[Caption-style text data]
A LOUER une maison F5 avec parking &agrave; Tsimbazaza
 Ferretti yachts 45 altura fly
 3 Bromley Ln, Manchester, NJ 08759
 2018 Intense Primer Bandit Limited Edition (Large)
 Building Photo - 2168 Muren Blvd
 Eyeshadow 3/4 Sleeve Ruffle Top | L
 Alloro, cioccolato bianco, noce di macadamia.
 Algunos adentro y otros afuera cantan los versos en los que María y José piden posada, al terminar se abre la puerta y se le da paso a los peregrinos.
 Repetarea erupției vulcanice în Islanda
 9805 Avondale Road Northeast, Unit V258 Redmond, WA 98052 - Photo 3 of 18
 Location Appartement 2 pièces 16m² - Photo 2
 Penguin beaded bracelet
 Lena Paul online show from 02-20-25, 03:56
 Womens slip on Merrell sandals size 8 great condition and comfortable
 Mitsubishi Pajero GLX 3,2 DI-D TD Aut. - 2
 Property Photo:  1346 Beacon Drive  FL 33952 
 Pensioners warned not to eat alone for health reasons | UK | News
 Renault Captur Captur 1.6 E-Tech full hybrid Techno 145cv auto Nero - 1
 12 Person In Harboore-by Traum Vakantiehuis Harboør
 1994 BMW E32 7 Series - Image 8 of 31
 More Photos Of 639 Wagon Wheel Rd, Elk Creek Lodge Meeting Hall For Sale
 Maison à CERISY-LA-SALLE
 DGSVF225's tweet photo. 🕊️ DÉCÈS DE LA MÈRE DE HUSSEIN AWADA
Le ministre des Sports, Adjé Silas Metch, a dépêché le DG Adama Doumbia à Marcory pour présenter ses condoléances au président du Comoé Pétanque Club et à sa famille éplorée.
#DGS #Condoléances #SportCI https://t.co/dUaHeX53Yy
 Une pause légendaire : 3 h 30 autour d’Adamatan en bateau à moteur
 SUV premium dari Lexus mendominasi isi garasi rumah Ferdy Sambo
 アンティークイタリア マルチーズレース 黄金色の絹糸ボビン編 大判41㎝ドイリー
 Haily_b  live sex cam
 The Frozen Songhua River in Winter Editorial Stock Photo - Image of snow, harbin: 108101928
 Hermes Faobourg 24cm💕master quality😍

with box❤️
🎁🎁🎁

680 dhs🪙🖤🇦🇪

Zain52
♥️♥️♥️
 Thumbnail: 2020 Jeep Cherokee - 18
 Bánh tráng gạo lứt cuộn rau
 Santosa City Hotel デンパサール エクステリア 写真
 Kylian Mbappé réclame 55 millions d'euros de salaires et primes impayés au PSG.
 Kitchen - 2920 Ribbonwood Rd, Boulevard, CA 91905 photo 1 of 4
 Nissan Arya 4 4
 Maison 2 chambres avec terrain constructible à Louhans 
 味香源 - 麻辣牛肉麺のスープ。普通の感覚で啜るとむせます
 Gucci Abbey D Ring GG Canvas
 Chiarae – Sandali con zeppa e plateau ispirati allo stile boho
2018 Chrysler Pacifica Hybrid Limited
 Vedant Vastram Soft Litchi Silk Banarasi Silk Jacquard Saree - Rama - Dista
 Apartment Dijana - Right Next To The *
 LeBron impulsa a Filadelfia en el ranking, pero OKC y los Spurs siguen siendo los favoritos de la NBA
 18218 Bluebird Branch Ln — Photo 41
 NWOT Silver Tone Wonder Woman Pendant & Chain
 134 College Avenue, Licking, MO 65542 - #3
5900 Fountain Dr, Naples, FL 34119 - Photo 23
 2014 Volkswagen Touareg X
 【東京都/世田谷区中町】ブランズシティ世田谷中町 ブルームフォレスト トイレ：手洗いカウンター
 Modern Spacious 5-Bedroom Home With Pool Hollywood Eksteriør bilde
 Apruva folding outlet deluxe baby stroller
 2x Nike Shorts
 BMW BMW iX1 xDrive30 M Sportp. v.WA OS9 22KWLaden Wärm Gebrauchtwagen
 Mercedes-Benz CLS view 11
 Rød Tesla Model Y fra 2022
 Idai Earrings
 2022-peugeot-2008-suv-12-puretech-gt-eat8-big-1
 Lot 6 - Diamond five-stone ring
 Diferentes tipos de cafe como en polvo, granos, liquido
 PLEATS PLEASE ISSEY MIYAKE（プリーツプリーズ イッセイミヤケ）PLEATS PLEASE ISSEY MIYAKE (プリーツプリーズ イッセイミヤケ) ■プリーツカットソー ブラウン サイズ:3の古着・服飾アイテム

» Directions for this task: Give back, exactly as written, the stretch from the line with "Repetarea erupției vulcanice în Islanda" through the line with "1346 Beacon Drive", and no other lines from the records above.

» The answer:
 Repetarea erupției vulcanice în Islanda
 9805 Avondale Road Northeast, Unit V258 Redmond, WA 98052 - Photo 3 of 18
 Location Appartement 2 pièces 16m² - Photo 2
 Penguin beaded bracelet
 Lena Paul online show from 02-20-25, 03:56
 Womens slip on Merrell sandals size 8 great condition and comfortable
 Mitsubishi Pajero GLX 3,2 DI-D TD Aut. - 2
 Property Photo:  1346 Beacon Drive  FL 33952 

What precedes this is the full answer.